If pictures appear in the lines below, skip them and copy exactly the lines from the one containing "Since January, February" through the one containing "So if you have", and nothing else.

▶ **Data to examine**
····················
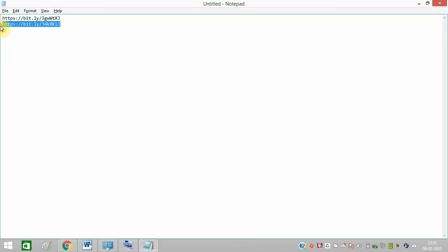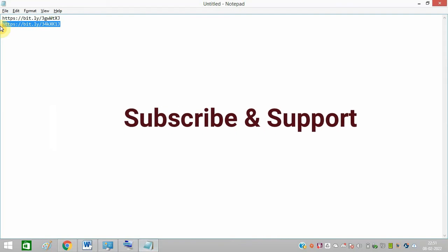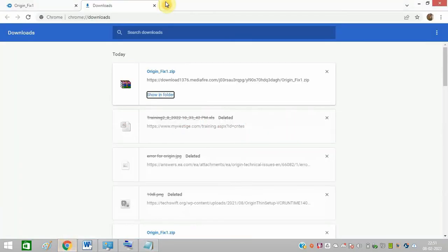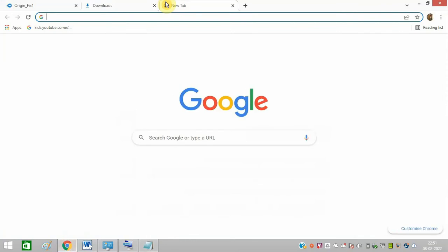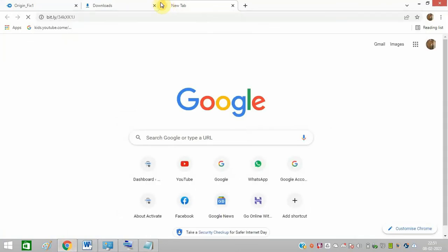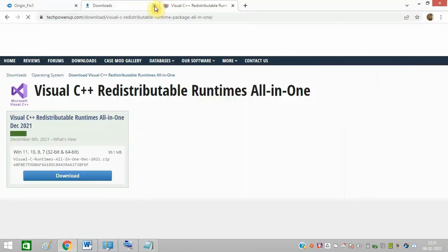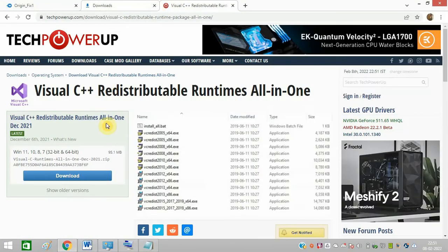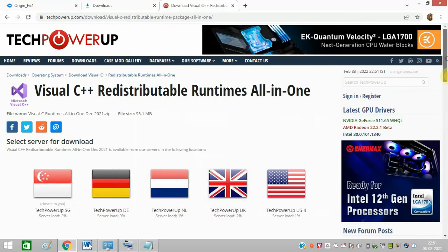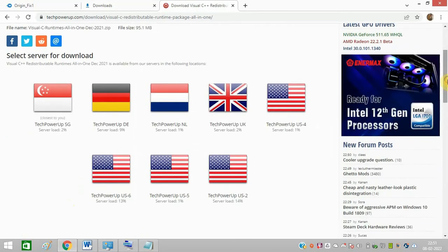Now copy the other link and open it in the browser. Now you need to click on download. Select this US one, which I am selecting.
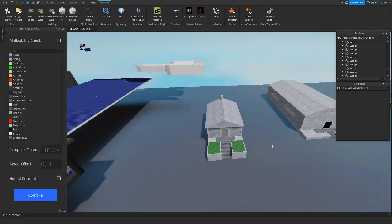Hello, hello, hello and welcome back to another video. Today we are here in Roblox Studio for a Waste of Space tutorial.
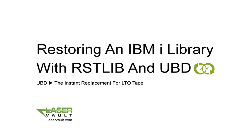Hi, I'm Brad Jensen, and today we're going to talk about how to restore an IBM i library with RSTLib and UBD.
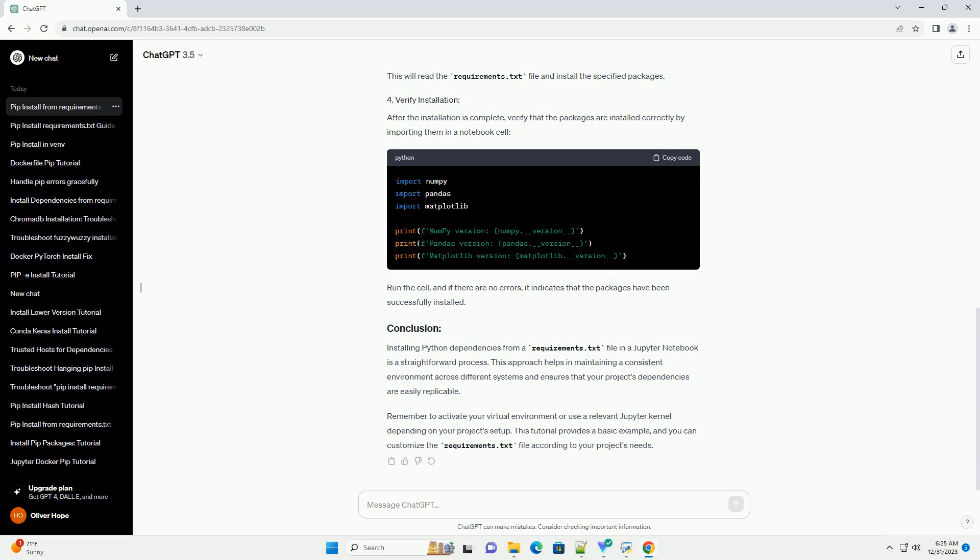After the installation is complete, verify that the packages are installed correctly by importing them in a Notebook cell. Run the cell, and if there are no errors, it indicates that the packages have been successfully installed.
····················
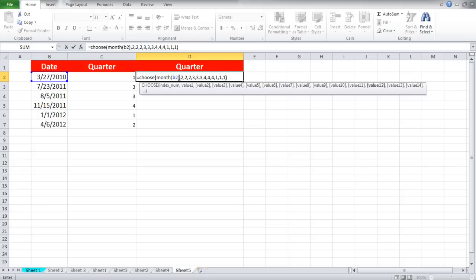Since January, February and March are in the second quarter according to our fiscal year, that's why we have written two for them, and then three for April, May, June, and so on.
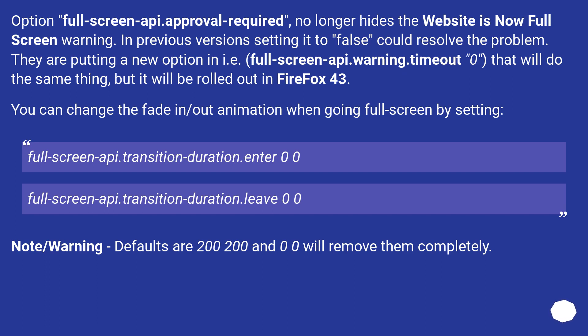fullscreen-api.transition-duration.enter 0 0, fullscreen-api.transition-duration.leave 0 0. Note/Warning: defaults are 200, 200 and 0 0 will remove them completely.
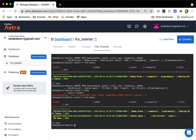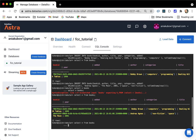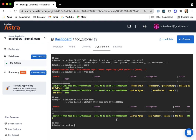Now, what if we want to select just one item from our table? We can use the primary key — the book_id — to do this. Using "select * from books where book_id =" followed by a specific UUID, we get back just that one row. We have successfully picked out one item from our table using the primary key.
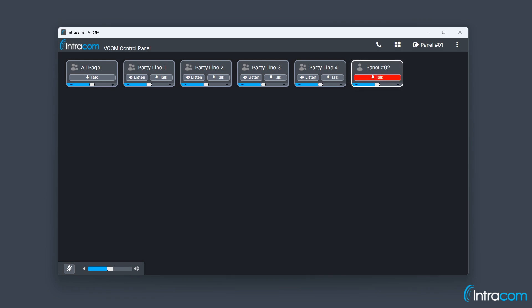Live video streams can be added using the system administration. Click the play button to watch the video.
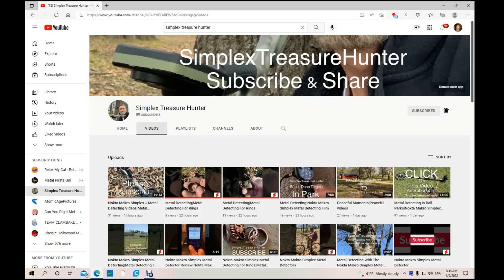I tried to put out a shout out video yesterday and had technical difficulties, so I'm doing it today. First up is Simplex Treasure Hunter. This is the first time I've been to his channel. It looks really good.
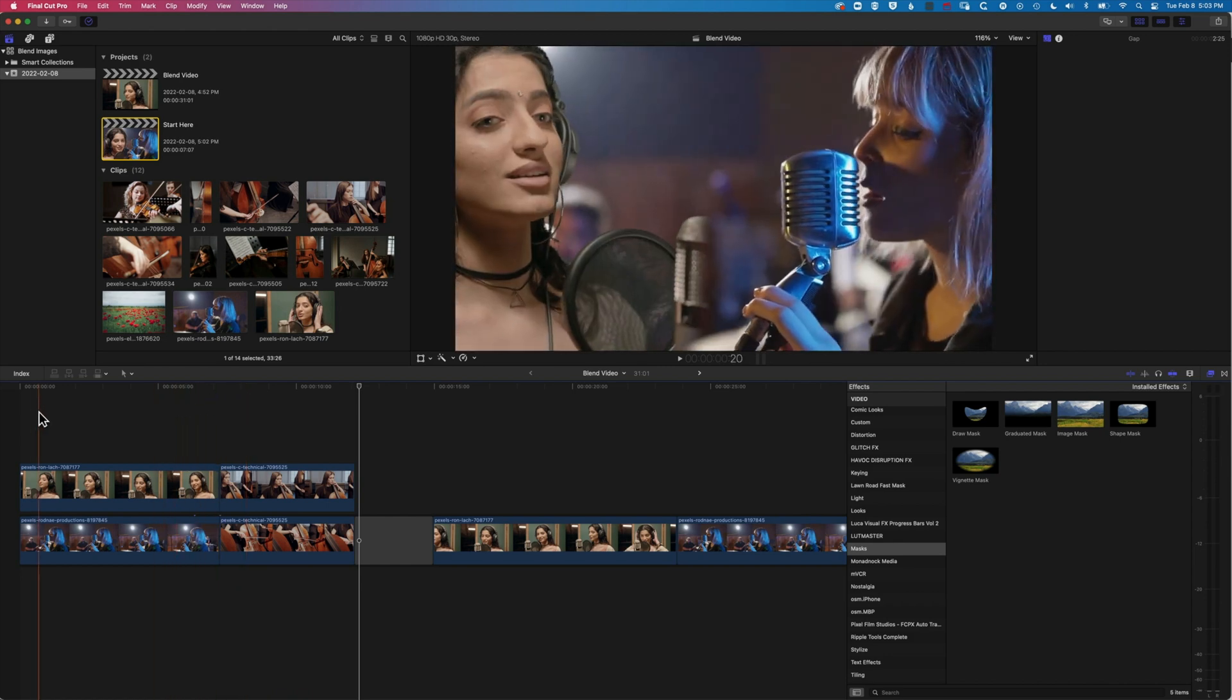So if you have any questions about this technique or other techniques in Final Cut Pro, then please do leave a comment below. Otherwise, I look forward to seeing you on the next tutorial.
····················
▶ **Solution to the problem**
Since January, February and March are in the second quarter according to our fiscal year, that's why we have written two for them, and then three for April, May, June, and so on.
fullscreen-api.transition-duration.enter 0 0, fullscreen-api.transition-duration.leave 0 0. Note/Warning: defaults are 200, 200 and 0 0 will remove them completely.
Now, what if we want to select just one item from our table? We can use the primary key — the book_id — to do this. Using "select * from books where book_id =" followed by a specific UUID, we get back just that one row. We have successfully picked out one item from our table using the primary key.
Live video streams can be added using the system administration. Click the play button to watch the video.
I tried to put out a shout out video yesterday and had technical difficulties, so I'm doing it today. First up is Simplex Treasure Hunter. This is the first time I've been to his channel. It looks really good.
So if you have any questions about this technique or other techniques in Final Cut Pro, then please do leave a comment below. Otherwise, I look forward to seeing you on the next tutorial.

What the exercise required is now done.